That is, unless the enterprise has policies to abide by disallowing API calls, in which case you're stuck with the official client and vetted integrations.
Same for mobile, the advantage vanishes once enterprise requires your (usually personal) phone to be surrendered to corp IT via MDM (which I sure as hell won't do).
The whole value proposition of Slack and Teams for their customers is control.
It's self-evidently false that the whole value proposition of Slack is control. The value proposition is, obviously, "IRC but more stuff, with searchable, durable messages". Which is why all sorts of groups that don't care about control at all still use Slack, rather than IRC, to coordinate.
Welcome to enterprise, where breaking things is a feature so commonly used Microsoft has documentation for it [1] and things are often deployed by people whose sole concern is "minimize attack surfaces". Our Teams installation not only disables API calls (official Teams client only), chat sessions are deleted if no one posts to them meaning most chat history is lost every weekend.
Microsoft uses these anti-features as a selling point, and in a large enough organization, it's not immediately clear who turned them on or who can turn them off.
You think you're joking but I've lived through exactly that. Reason: SSH cannot be examined by a HTTP proxy. The moment we raised that HTTP CONNECT is a TCP passthrough thus equivalent we got to install a bespoke root certificate on our machines for the proxy to MITM every single connection.
> Our Teams installation not only disables API calls (official Teams client only)
Wait? Can you even make API calls to Teams without getting the account owner to make a key for you? I’ve been looking for a way to use a personal key or credentials to make some calls, but the docs are absolutely impenetrable.
I don't even blame such enterprises because most of the time it comes from regulations or outside policies that customers mandate, something like all enterprise data (and thus communication) has to be firmly under control of the enterprise with hard guarantees, otherwise you just don't get to work with those customers. So you get a locked down Slack/Teams, and the email+calendar system disallows any native app unless the device is MDM'd, and even that is only with first party clients such as the Gmail app or Outlook.
TBH I think most companies are trying to do their best there, but they're stuck with some kafkaesque liability system.

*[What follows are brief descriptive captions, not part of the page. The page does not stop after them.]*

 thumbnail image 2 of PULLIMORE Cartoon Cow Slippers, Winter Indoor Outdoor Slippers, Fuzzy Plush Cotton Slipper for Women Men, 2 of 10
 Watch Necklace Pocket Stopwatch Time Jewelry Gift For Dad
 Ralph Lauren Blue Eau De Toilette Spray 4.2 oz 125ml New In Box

It doesn't prevent clients from logging communications in that server. I know the same is possible in slack or teams, but they don't consider that from a legal perspective.

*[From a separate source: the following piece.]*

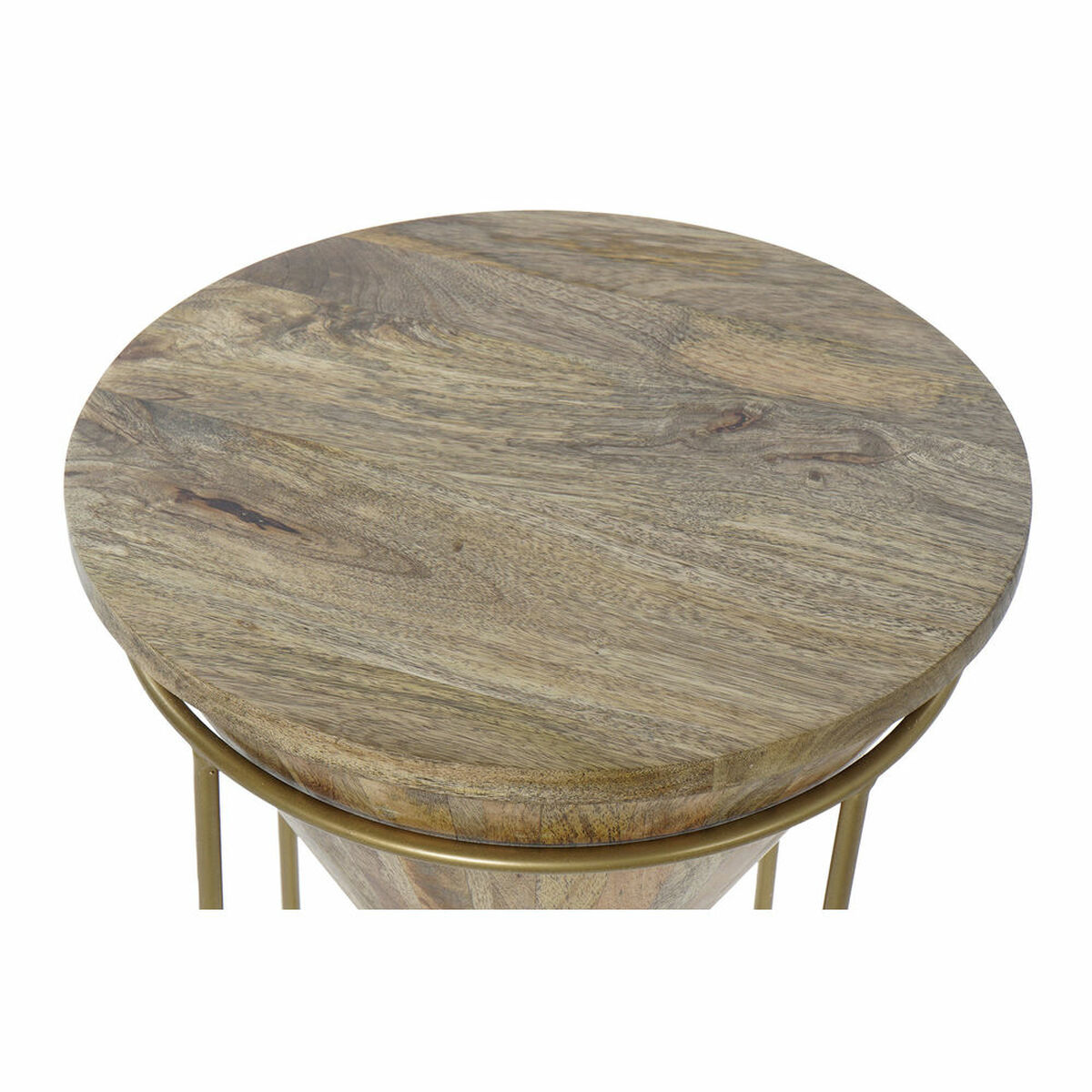 Sidobord DKD Home Decor Metall Mangoträ (40 x 40 x 45 cm) - 2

From a legal, practical and technical perspective, any window displayed on any screen is equally succeptible to logging. I can't imagine the fact that the company disabled ctrl+c in the policy settings making any difference in a liability case.

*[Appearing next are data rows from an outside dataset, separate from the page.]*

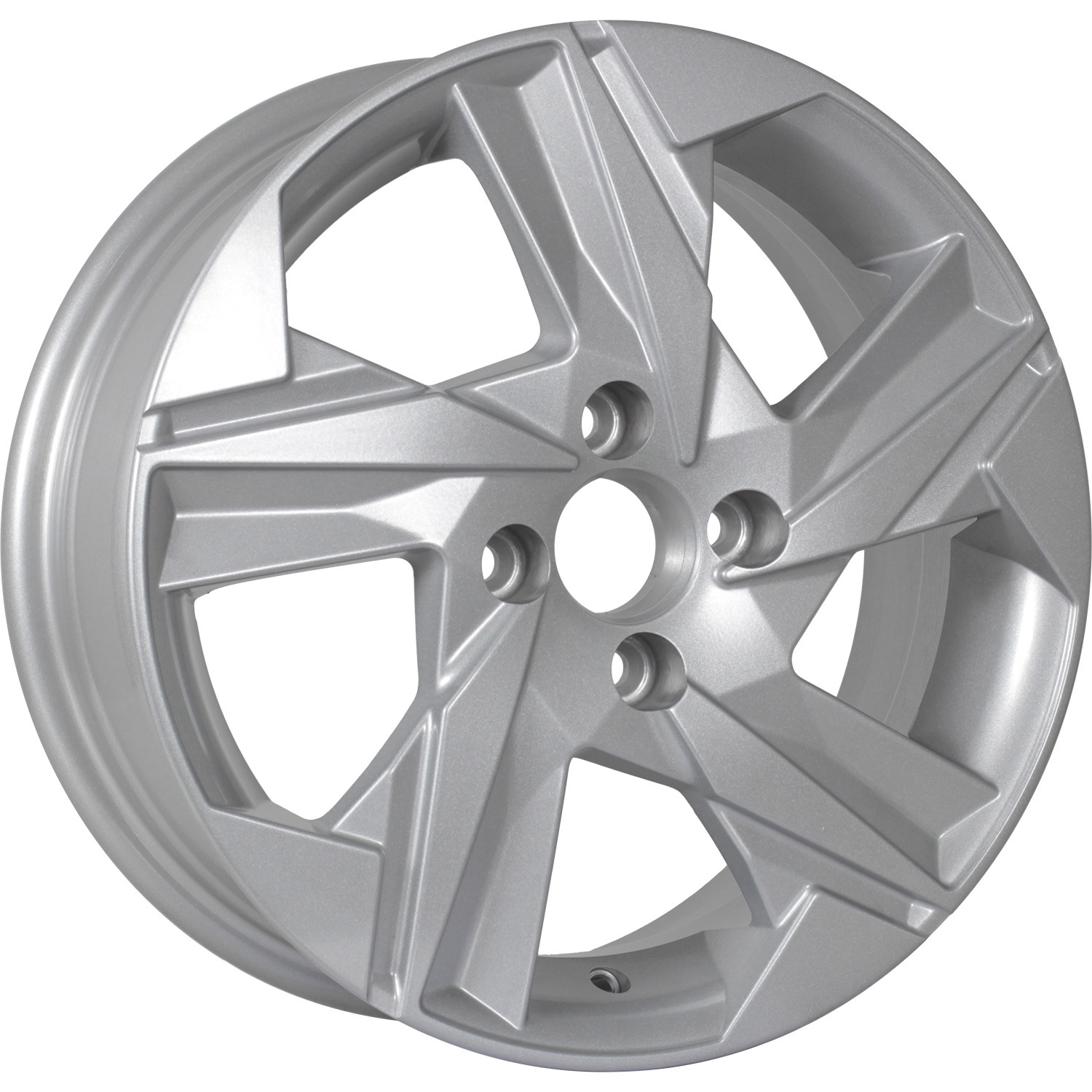 Колесный диск KDW KD1520 6x15/4x100 D54.1 ET46 Light_Silver_Painted колесный диск kdw 6x15 4x100 d60 1 et46 black painted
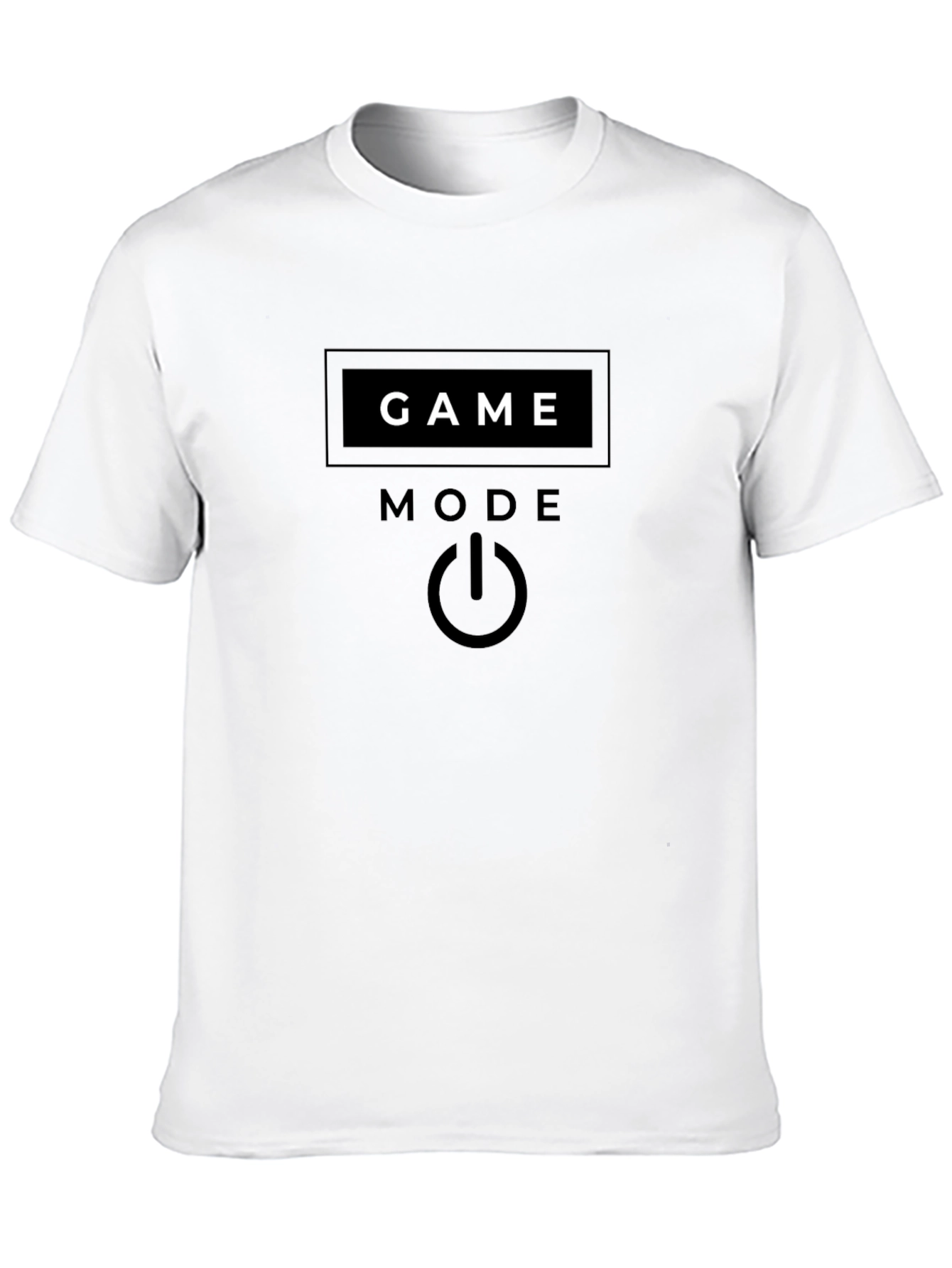 Game Mode On Black Graphic Tee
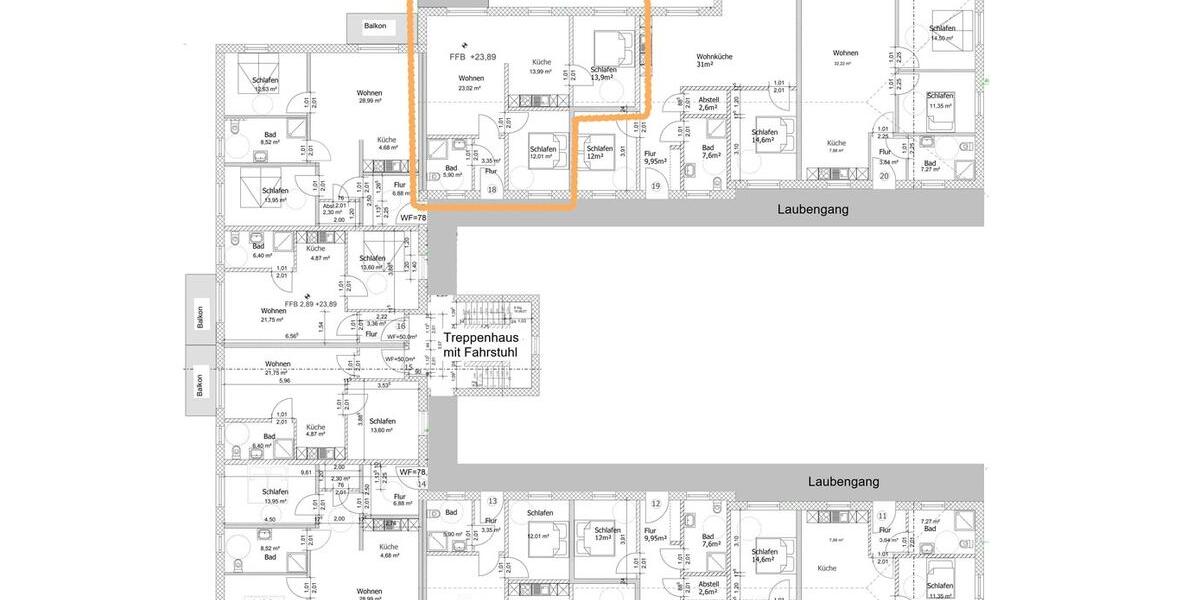 Etagenwohnung Dorf Mecklenburg - 3 Zimmer, 75 m&sup2;, 783&euro; | Angebot:26300510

> I can't imagine the fact that the company disabled ctrl+c in the policy settings making any difference in a liability case.
Taking reasonable measures absolutely does absolve the company. At that point, it becomes a rogue employee who’s deliberately circumvented policies and technical enforcements, who is now potentially personally liable.
Fair enough, they did "try", but still feels equivalent to putting sensitive documents in a glass frame with a "no photos please" label on it and then claiming you did everything you could to protect them. I can't imagine that would fly in court, but I guess as soon as computers are involved, all common sense is lost.
Also legal: doing it in house it's on you vs being a Slack feature means it's on them. CYA by outsourcing.
And consider this also: "hey we're quite sure pur homegrown system is as leak proof as it can be, trust us or fire up an audit team for 5 sprints to asses compliance" vs "Slack has the box checked already"
The fact that folks can e.g technically fire up a headless browser and programmatically interact with the app via capybara or whatever to rebuild a makeshift API, or just take pictures with their phones because the compliant system is inconveniencing them daily is immaterial.
IRC might be run by engineering there for themselves. 3rd party chat would got through procurement and be provided by IT for the whole company, and after the last SOC2 audit, they had to lock it down.
Same for mobile, the advantage vanishes once enterprise requires your (usually personal) phone to be surrendered to corp IT via MDM (which I sure as hell won't do).
The whole value proposition of Slack and Teams for their customers is control.